Alfred A.Knopf/ Random House
US Hardcover First
ISBN: 0-375-40538-0
$25.95; 560 Pages
Publication Date: April 26, 2005
Date Reviewed: June 28, 2005

Index: Mystery  General Fiction

Winslow is a relatively unheralded writer of compelling contemporary crime fiction with an uncommon breadth of style and subject. Beginning in 1991 with the likeable and witty/silly Neal Carey mystery capers, Winslow upped his profile and darkened his themes with the 1998 book 'The Death and Life of Bobby Z" about drug-dealers in Southern California, and turned to arson and surfing with the great 'California Fire & Life' in 1999. And now, some six years later, Winslow's back with an immersive fictional epic about America's war on drugs that spans some thirty years — from the early 1970s to the late 90s. It's a sweeping tour de force blending the personal and the political into a compellingly readable, fast-paced page-turner that packs a knock-out punch.

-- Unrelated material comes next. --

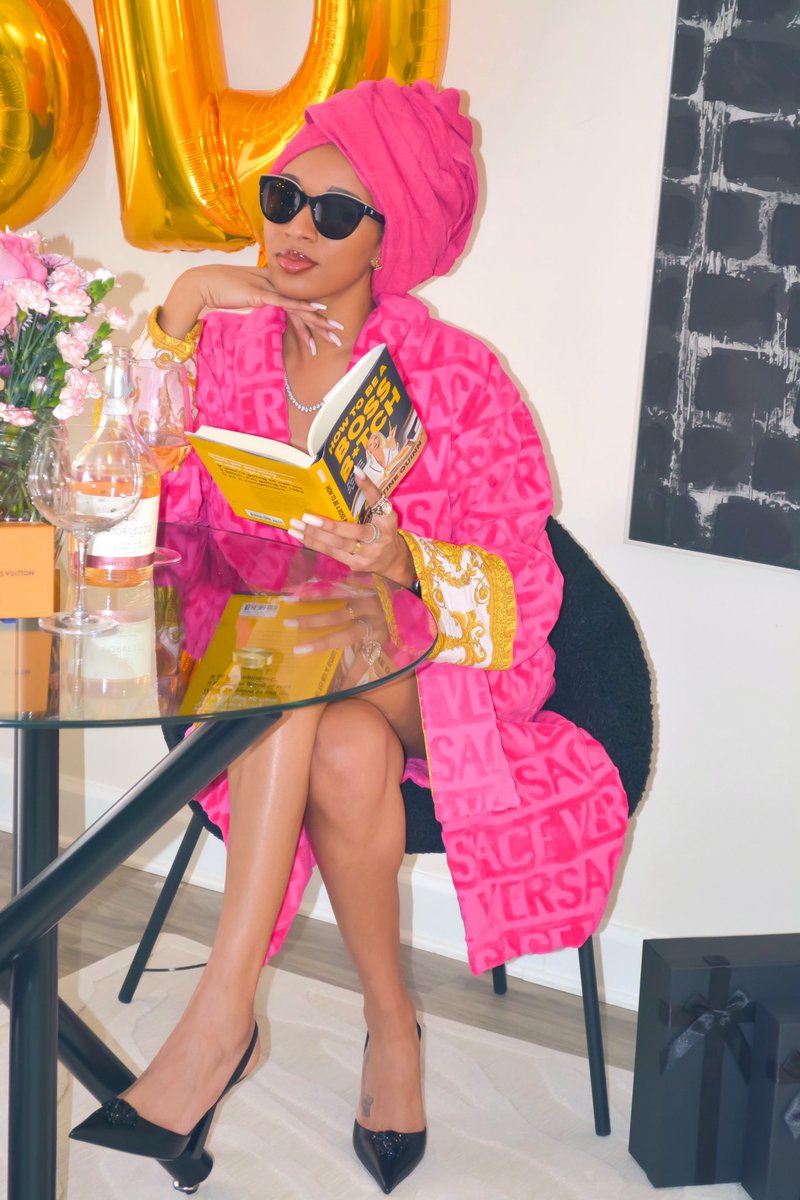 Vari_Royale's tweet photo. Black girl luxury 💖 https://t.co/hMGuoBVEFg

America's War on Drugs was (and certainly still is) conducted with an irrepressible American arrogance that masked a duplicitous and dangerous hidden political agenda by the DEA, FBI, CIA and any number of self-serving politicos concerned with lining their pockets while burying their heads. The end result of this war is evident on our streets — a steady well-supplied stream of crack cocaine, heroin, and other drugs supplied by the Columbians and expedited by the Mexicans across the miles of US/Mexico border. With the help (unwitting on the part of some, but quite deliberate on the part of others) of the Americans, the Mexican drug biz transitioned from entrepreneurial locally-powerful heroin growers in the 70s to the well-organized, tightly controlled, and highly profitable "federation" of drug transporters of the 90s. It's a classically American corporate growth path that begets vast sums of money concentrated in the hands of a few hugely powerful overlords who then use it to buy the influence of politicians and law enforcement to ensure it all keeps running smoothly. Certainly not a new story, but one that Winslow tells particularly well.

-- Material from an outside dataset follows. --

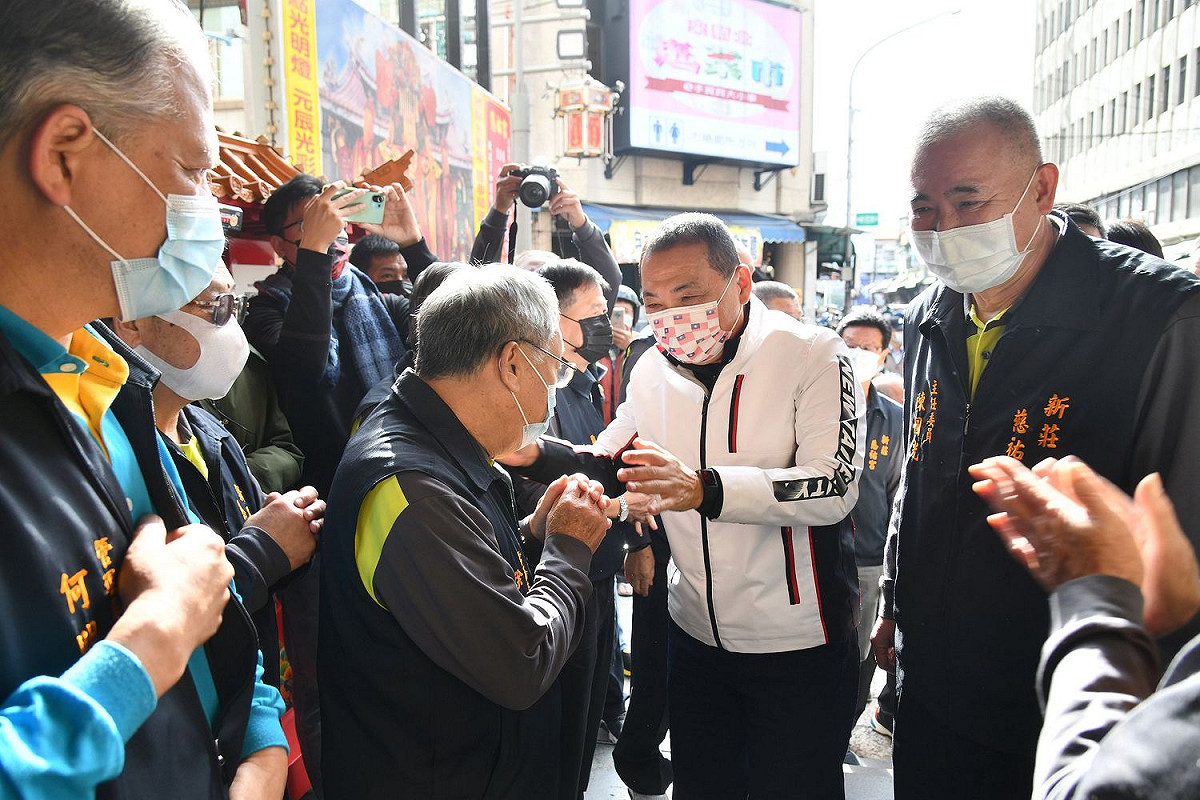 侯友宜對於三間宮廟在疫情期間的努力予以肯定。 圖：新北市新聞局提供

'The Power of the Dog' is 'Apocalypse Now' set in Mexico and Columbia instead of Vietnam, (where many of its participants got their start) with the same crazy, crazed and cruel cast of players, leaders, lords and lookers-on. Winslow rounds up all the usual suspects in any story about illegal drugs - Italian mobsters, Irish mobsters, exceptionally beautiful and expensive hookers, corrupt cops and politicians — and spices the mix with priests and politics in a story that spans the globe from the U.S. to Mexico, from Columbian cocaine cartels to the Catholic Church, from Latin American Marxists to Hong Kong arms dealers.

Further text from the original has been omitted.